## [WHAT YOU HAVE TO DO]
Repeat exactly, please, the opening lines of the data below, through and including the line where "Ноутбук Lenovo ThinkPad" sits.

::: SUPPLIED ENTRIES

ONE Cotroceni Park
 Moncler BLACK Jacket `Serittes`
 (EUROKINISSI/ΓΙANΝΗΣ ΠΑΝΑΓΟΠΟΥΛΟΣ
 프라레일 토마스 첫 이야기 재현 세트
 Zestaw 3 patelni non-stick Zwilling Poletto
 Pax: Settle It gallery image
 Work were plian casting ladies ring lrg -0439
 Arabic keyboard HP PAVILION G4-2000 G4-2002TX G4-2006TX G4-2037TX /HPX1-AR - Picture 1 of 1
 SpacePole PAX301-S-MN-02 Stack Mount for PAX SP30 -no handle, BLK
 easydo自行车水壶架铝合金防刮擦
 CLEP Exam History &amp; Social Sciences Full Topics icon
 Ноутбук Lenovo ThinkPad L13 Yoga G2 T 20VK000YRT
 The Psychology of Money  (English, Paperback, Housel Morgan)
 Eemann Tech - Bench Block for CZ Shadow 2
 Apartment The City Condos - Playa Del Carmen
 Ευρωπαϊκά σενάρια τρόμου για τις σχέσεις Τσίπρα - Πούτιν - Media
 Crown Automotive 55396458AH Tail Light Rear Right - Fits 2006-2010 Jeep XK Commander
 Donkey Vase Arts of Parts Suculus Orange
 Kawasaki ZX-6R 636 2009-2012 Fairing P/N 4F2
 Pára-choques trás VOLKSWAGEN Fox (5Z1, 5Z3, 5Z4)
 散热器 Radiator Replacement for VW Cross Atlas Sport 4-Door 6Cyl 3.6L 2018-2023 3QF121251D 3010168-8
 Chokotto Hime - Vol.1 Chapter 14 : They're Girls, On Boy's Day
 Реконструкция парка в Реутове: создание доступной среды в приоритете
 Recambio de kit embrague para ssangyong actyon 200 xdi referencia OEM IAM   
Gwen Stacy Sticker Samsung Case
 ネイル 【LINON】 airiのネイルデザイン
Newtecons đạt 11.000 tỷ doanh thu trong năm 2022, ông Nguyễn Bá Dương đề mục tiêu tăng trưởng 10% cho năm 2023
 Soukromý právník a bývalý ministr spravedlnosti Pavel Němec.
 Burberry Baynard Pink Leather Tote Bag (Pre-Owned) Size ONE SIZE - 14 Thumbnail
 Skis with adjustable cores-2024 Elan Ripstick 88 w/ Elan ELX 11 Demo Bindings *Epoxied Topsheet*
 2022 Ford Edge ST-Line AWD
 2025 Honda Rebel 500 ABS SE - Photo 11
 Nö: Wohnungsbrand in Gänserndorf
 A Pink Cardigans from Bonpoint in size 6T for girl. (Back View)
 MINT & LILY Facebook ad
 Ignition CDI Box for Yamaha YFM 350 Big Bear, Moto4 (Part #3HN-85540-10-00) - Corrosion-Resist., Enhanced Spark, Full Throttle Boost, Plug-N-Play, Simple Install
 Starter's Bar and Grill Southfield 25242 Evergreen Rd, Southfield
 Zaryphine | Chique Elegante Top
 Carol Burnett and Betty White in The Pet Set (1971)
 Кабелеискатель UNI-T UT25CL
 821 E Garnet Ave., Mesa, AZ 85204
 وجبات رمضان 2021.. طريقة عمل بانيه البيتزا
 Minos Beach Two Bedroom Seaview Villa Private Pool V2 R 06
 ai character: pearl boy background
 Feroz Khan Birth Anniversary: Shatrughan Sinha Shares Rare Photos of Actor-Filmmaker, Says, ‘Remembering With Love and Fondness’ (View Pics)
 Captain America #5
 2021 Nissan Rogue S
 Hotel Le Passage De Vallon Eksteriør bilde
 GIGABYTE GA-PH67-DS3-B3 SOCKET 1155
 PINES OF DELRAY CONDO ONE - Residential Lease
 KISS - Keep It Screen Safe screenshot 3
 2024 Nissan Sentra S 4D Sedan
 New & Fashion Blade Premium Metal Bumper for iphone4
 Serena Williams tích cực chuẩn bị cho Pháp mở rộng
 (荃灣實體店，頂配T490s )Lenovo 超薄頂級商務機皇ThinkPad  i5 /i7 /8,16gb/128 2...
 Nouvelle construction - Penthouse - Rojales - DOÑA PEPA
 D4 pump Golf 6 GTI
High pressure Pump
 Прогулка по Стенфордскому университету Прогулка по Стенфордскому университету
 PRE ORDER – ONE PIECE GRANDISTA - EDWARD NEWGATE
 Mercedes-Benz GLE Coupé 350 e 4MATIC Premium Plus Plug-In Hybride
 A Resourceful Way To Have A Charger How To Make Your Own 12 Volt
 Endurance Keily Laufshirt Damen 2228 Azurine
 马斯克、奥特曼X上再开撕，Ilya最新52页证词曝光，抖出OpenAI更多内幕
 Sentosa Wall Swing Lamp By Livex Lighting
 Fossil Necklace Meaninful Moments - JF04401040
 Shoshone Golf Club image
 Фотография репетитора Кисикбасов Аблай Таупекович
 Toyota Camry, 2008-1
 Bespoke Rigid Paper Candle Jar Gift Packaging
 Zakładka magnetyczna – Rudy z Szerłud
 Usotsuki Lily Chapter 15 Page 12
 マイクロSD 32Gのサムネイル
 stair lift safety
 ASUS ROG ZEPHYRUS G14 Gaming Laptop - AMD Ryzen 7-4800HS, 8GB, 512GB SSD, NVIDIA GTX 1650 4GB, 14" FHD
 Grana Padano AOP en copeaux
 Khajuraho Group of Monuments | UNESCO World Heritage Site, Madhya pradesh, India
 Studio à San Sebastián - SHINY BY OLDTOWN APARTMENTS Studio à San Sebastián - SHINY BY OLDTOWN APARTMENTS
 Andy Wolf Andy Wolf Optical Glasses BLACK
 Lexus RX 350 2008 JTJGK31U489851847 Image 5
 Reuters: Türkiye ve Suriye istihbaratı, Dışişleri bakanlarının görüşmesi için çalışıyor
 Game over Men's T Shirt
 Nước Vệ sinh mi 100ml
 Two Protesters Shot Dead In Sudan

::::::

## [RESPONSE AREA]
ONE Cotroceni Park
 Moncler BLACK Jacket `Serittes`
 (EUROKINISSI/ΓΙANΝΗΣ ΠΑΝΑΓΟΠΟΥΛΟΣ
 프라레일 토마스 첫 이야기 재현 세트
 Zestaw 3 patelni non-stick Zwilling Poletto
 Pax: Settle It gallery image
 Work were plian casting ladies ring lrg -0439
 Arabic keyboard HP PAVILION G4-2000 G4-2002TX G4-2006TX G4-2037TX /HPX1-AR - Picture 1 of 1
 SpacePole PAX301-S-MN-02 Stack Mount for PAX SP30 -no handle, BLK
 easydo自行车水壶架铝合金防刮擦
 CLEP Exam History &amp; Social Sciences Full Topics icon
 Ноутбук Lenovo ThinkPad L13 Yoga G2 T 20VK000YRT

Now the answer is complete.